Council looks to increase discretionary spending
The Selma City Council is looking to designate more funds toward fixing potholes and capital improvement projects.
During Tuesday’s meeting Ward 5 Councilman Sam Randolph proposed increasing the council’s discretionary funding by $5,000 to help with small projects in each ward. The council currently receives $7,500 each in discretionary funding.
“In the past, the council got $15,000 in discretionary funds,” Randolph said. “We have given to the employees by giving them a Christmas raise and now its time that we look out for our citizens.”
Randolph proposed the discretionary increase be funded through the half-cent sales tax fund, which was initially pitched as a way to give employees a raise. Discussion about the tax also centered on discretionary funding, according to Ward 1 Councilman Cecil Williamson.

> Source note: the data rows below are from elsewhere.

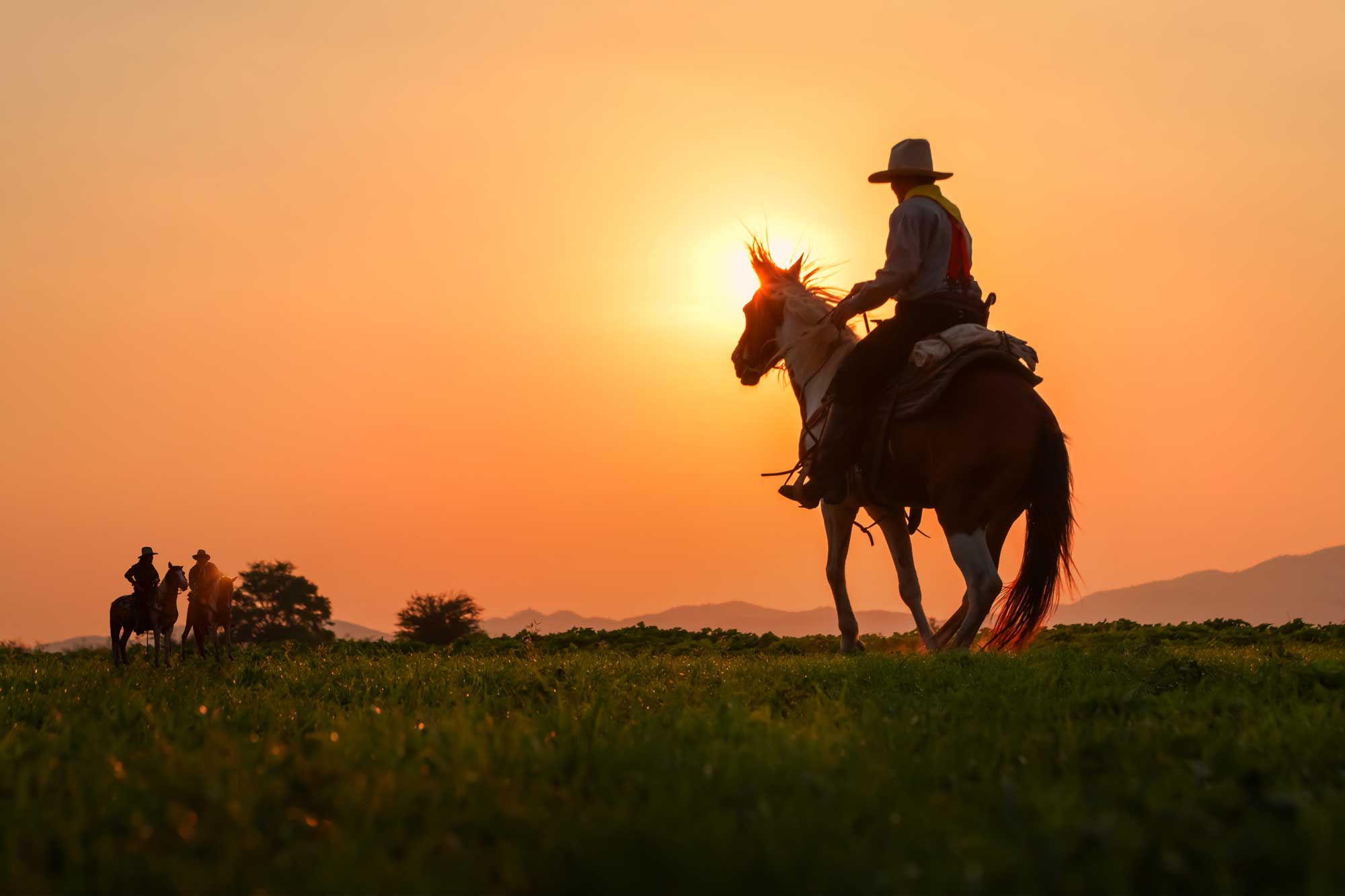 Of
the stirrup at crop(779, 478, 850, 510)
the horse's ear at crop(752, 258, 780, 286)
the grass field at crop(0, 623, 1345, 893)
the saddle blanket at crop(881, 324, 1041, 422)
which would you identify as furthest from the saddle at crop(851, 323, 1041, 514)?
the grass field at crop(0, 623, 1345, 893)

The half-cent tax fund currently contains less than $80,000. A $5,000 increase for each of the nine members of the Selma City Council would total $45,000.
The proposed increase wouldn’t affect the council’s paycheck. Discretionary funds are normally distributed to charitable organizations or requests from citizens. Forms requesting discretionary money are passed around at each meeting. Councilmen can choose to contribute a portion of the funds or none at all.
Williamson said the funds aren’t normally used for capital improvements, like paving roads, because of the cost.
“Most people just use their discretionary funds to give to organizations,” Williamson said. “In my time on the council, I can’t remember a time it was designated for capital improvements. It would not make a big difference in capital improvements, but you could get a couple of potholes fixed.”
The council voted on increasing funds during its meeting Tuesday. Three council members voted in favor, but Ward 8 Councilman Michael Johnson tabled the increase during his vote so the council had more time to discuss the increase.
“I think there are just some things that our city needs to consider a little harder,” Johnson said. “Let’s look at the budget a little bit more before we make a decision on increasing funds, but it is definitely something we will attend to.”
The discretionary increase is scheduled to be discussed at the council’s Jan. 23 work session.